To recap: even if we add new housing, at many points along Burnet the likely car use per resident may still be near suburban levels, for 20 or 30 years.


Optimizing Trade-Offs

Number of car trips is just one way to evaluate car use.  The other metric is how many miles a person has to drive per trip.  By this metric, even poorly supported locations along transit corridors result in fewer vehicle miles traveled than places in the distant suburbs. So from an environmental (and long-term affordable housing) standpoint, there’s still an argument to increase density at such sub-par locations. But the local congestion impact from such density will be higher.

The CodeNext Opticos consulting team recognized this in their Diagnosis report.

“The application of the MU and VMU [mixed use zoning] designations was a missed opportunity to focus development on designated nodes, rather than be applied scatter-shot or to the full length of various major commercial corridors. This broad application has created a lot of uncertainty about the size and scale of development, created large, isolated urban buildings in suburban or rural places within the city, and exacerbated the lack of hierarchy along the corridors.” CodeNext Diagnosis Report, P 48

For places farther from transit nodes, the consultants proposed low-impact development categories, like live-work.


Eyes on the CodeNext ‘Mapping’ Prize

City staff are targeting end of this year to roll out an initial ‘mapping’ that shows, citywide, how new CodeNext zoning categories will replace the old zoning categories.

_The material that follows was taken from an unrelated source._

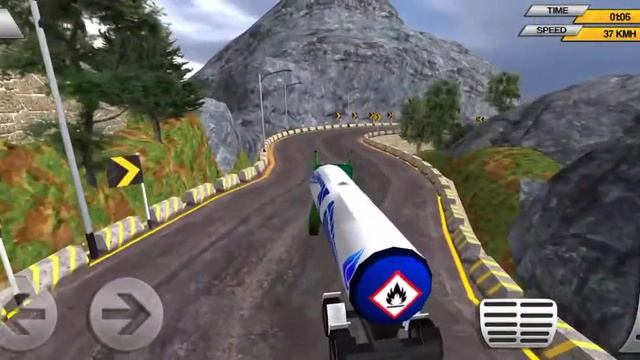 Offroad Oil Tanker Transport Truck Driver 2020 - Games смотреть онлайн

With staff no longer intending to do a Burnet-Anderson Corridor Plan, presumably there will be no formal account of local priorities when the new zoning is deployed.

Any accounting for local priorities, and many Imagine Austin priorities as well, would have to be embedded in the CodeNext mapping rules themselves.

Such a mapping could go two ways.

A simplistic translation of new zoning categories to old categories, as implied by the term ‘mapping,’ perhaps determined by the maximum allowed height of the existing zoning, could not possibly optimize Imagine Austin goals. We would get “compact but not connected”, as some on staff describe the random, transportation-inefficient development pattern that has emerged along S Lamar.

Alternatively, staff might develop a more complete set of mapping rules, designed to optimize key Imagine Austin, CodeNext and local community goals. Transportation efficiency should be a primary criterion, as discussed above. A secondary factor should be arrangement of building types to get a robust mix of different kinds of housing. That is needed to achieve the Imagine Austin goal of “A City for All Ages.”

Such a system of rules would also lay the groundwork for a rational, predictable zoning amendment process going forward.